In my opinion, if you are serious about water hunting you need a good long handled stainless steel scoop, with a decent size basket.
Lightweight aluminum scoops make recovering target difficult, even in calm water.
There is nothing worse than struggling to keep your scoop basket over a target in choppy surf.
When I detect a target water hunting, the first thing I do is turn to the side so waves are not hitting me head on.
I then pinpoint the location of the target, then place my scooping foot directly behind the back of my search coil with the toe of my dive boot touching the back of my search coil.
Moving my search coil away, I press the front lip of my scoop basket into the sand at a sharp angle just in front of my toes.
The initial deep bite of sand is important, because if you fail to secure the target in your scoop basket on the first attempt, you have created a pocket or hole for the object to fall into.

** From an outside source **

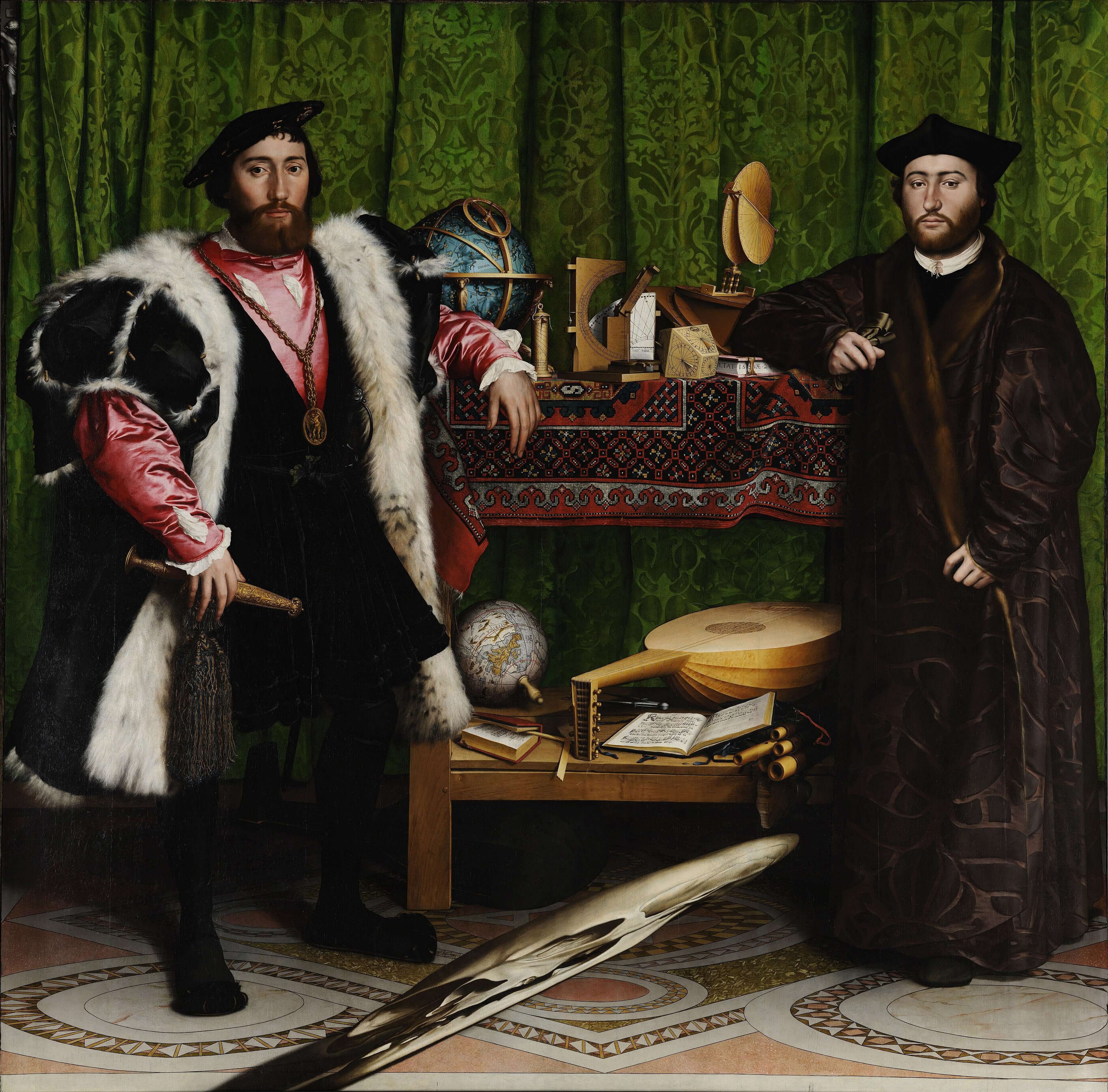 Hans Holbein The Younger - Elçiler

Always shuck or sift sand directly over the area, do not move away even when you have the target in your scoop.
Just like beach hunting, you need to recheck the hole for other targets before moving away from the hole.
If you fail to recover the target on the first attempt, try pinpointing the target and scoop a little deeper before expanding the width of the hole.
On average, you should be able to recover targets under the water in three attempts.
This is another reason why I always preach about learning pinpointing and recovering targets on the beach, before venturing into the water.
Every year I find jewelry in and around holes left behind by water hunters with poor target pinpointing and recovery skills.
This gold chain was found last year next to a deep hole in the water, another reason why I always check out obvious signs of digging in the water and on the beach.
Which reminds me of a perfect closing line for this blog entry, never walk away from a good sounding target!